Strauss, Richard: ''Four Last Songs''; ''Death and Transfiguration.'' Lucia Popp, soprano, London Philharmonic Orchestra, Klaus Tennstedt. EMI/Angel DIGITAL DS-37887. - These songs were written with Kirsten Flagstad in mind, and in fact the legendary Wagnerienne presented them to the world. On records, the voices have lightened and lightened, until now we have Lucia Popp, a delectable soubrette, but hardly vocally correct for these rich autumnal pieces. She manages fairly well, but her maestro turns in the finest conducting of a performance of these songs since George Szell's (with Elisabeth Schwarzkopf, also on Angel). There is a sense of wonderment, of benevolent uneasiness, and finally radiant peace in his performance. And on the reverse side, Tennstedt's account of the mighty tone poem ''Death and Transfiguration'' is among the finest to be had in stereo, surely a standard-setter for this early part of the digital age. - Thor Eckert Jr.
Tchaikovsky, Peter Ilyich: Piano Concerto No. 1. Martha Argerich, piano.
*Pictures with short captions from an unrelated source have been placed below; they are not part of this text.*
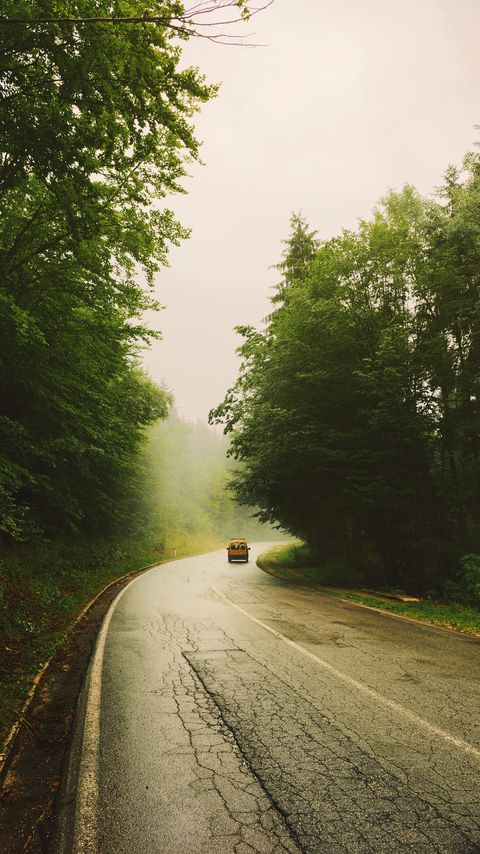 Download wallpaper 2160x3840 road, car, travel, forest, fog, nature samsung galaxy s4, s5, note, sony xperia z, z1, z2, z3, htc one, lenovo vibe hd background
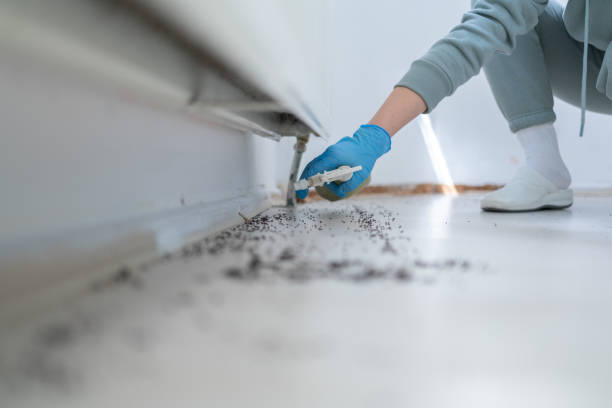 Best Wildlife Control Services  in Grant, NE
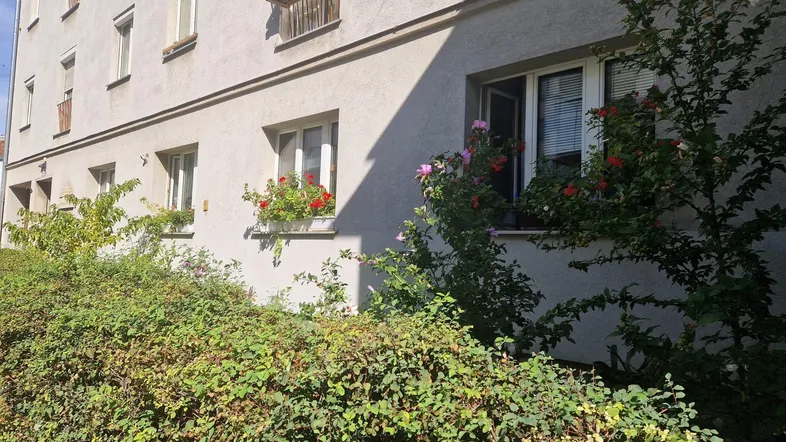 Fassade eines Wohngebäudes mit blühenden Blumenkästen an den Fenstern und einer gepflegten Hecke im Vordergrund.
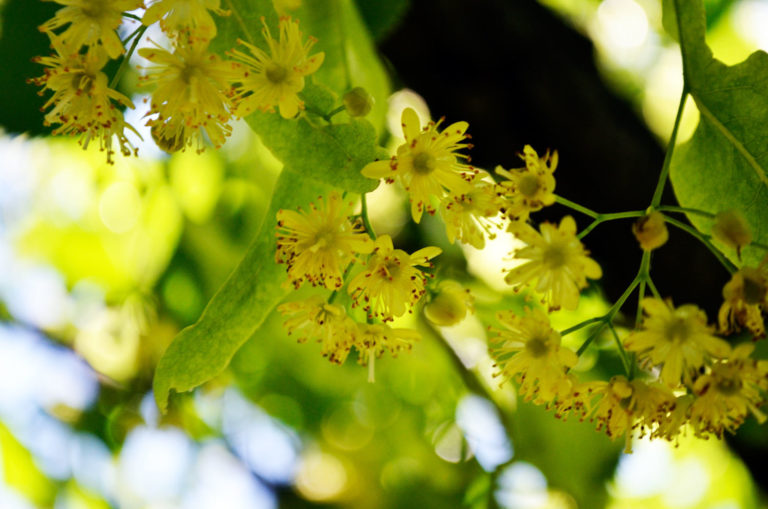 Tilia cordata close up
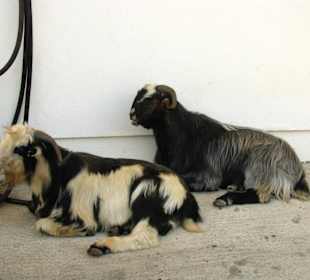 Mieszkańcy góry Taurus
Bavarian Radio Symphony Orchestra, Kirill Kondrashin. Philips 6514 118. - This live recording is issued as a tribute to Kirill Kondrashin, the late Russian expatriate maestro. Curiously, he was the conductor on the celebrated 1959 Van Cliburn performance on RCA, which has been one of the best-selling classical records in history. Here he has a different sort of soloist, the firebrand Martha Argerich. This is no subtle performance, but as it is played on a turntable, it threatens to melt the vinyl on which it is recorded. Other performances will bring out the poetry and the pathos in the score, but Argerich's way - superbly abetted by Kondrashin - is guaranteed to raise the neck hair high time after time. - Thor Eckert Jr.
''Thomas Richner Plays Mozart and Bach.'' Towerhill T-1011. - Pianists who know how to find the genuine life and emotion that are in the pages of Mozart are rarer than one might think. The apparent simplicity is but a ruse, and as with all of Mozart's music, subtext is what it's all about. Mr. Richner fully understands this and brings the selections - the C minor Fantasie, the C major (K. 545) Sonata, and the K, 511 A minor Rondo - memorably to life. Then he turns around and tackles Bach on the piano, which is supposed to be anathema in this ''purist'' day. And Mr. Richner chooses the mighty Bosendorfer, no less, which reaches down to C three octaves below middle C to make his case, and make his case he does, in transcriptions of four chorales. In all, a tasteful, beautiful record from an artist who has spent most of his life contemplating the Mozart piano literature. - Thor Eckert Jr.